𝐄𝐫𝐨𝐢 𝐞 𝐛𝐚𝐧𝐝𝐢𝐞𝐫𝐞 𝐟𝐮𝐨𝐫𝐢 𝐥𝐮𝐨𝐠𝐨 𝐨 𝐟𝐮𝐨𝐫𝐢 𝐭𝐞𝐦𝐩𝐨
Girando l’Italia per conferenze e presentazioni di libri, mi capita spesso di imbattermi in palazzi istituzionali con uno striscione ormai sbiadito a caratteri cubitali: Verità per Giulio Regeni. L’ultima l’ho vista l’altro giorno a Parma. Posso capire l’emozione del momento, lo choc per la morte violenta e le torture subite dal giovane friulano in Egitto. Ma la sua vicenda risale al gennaio del 2016, sono passati ben sette anni. Quante tragedie, quante ingiustizie, quante stragi, quanti misteri c’erano, ci sono e si sono aggiunti in questi anni? Possibile che i palazzi di città, le prefetture, le istituzioni non abbiano altro messaggio da comunicare alle proprie popolazioni, non abbiano altra storia da ricordare, altri striscioni da esibire, altra memoria da tramandare? Ci sono poi mille verità che non conosciamo della nostra storia recente; possibile che dobbiamo sempre ricordarne una, solo una, perché in quel caso scattò la mobilitazione del mondo radical-progressista- lo stesso che considera Patrick Zaki come una specie di simbolo e di eroe intellettuale pur essendo di levatura modesta con una storia conclusasi positivamente, anche grazie al governo Meloni?

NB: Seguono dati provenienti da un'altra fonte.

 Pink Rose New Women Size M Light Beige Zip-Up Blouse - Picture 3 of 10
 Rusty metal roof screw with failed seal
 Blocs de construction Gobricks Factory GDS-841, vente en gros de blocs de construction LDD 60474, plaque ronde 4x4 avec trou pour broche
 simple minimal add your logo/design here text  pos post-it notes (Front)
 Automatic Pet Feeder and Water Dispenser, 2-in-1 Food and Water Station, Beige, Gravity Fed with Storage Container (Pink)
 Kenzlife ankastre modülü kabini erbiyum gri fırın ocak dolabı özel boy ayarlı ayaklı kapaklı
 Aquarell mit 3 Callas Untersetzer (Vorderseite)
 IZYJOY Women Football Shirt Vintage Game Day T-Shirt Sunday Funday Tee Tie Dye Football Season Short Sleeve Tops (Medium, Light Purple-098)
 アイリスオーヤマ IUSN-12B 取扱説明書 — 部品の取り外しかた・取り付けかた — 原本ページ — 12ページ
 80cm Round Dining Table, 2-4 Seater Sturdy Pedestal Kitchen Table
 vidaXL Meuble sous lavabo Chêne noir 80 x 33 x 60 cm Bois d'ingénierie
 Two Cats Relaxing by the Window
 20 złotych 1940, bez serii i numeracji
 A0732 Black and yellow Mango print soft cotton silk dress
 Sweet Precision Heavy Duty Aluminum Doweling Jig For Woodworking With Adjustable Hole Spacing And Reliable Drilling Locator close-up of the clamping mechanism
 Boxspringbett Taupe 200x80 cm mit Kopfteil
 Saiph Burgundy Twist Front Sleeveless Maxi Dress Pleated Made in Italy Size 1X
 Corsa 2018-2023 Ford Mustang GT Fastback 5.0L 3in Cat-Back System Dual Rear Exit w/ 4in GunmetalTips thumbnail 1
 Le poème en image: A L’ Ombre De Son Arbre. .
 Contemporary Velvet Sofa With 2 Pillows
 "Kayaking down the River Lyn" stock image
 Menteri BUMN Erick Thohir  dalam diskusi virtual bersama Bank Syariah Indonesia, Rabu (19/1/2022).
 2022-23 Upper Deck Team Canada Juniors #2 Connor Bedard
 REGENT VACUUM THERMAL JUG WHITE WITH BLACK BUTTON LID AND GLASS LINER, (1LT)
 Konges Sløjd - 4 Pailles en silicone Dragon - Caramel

La chiave del vittimismo è fondamentale anche nella diffusa tendenza ad abbracciare cause internazionali e simulare patriottismi per conto terzi. Dalle Torri Gemelle in poi, in Italia, dove siamo assai carenti di patriottismo, adottiamo bandiere e patriottismi altrui, appena quei paesi risultano ai nostri occhi vittime di aggressioni e di stragi. Cominciammo col “siamo tutti americani” ai tempi dell’attacco a New York, e cominciammo a sventolare bandiere americane nelle nostre piazze in segno di solidarietà; poi abbiamo proseguito nel carosello dei patriottismi altrui. Di recente, la bandiera più adottata era quella ucraina, poi è venuta quella d’Israele o è tornata nelle piazze la bandiera palestinese. Le bandiere sono simboli importanti nella storia delle nazioni, e ogni bandiera merita rispetto universale e una speciale, particolare considerazione da parte dei compatrioti. Questa adozione provvisoria e multipla di bandiere altrui, appena vediamo quei popoli vittime di soprusi, fa perdere il significato della bandiera che è pur sempre un richiamo identitario; ed invece con questo uso provvisorio ed “esterno”, a turno, ne sviliamo il significato, riducendo l’appartenenza nazionale a qualcosa di irrilevante e di episodico, come se ci trovassimo in uno stand di una fiera campionaria delle Nazioni Unite o nella mentalità da Giochi senza frontiere.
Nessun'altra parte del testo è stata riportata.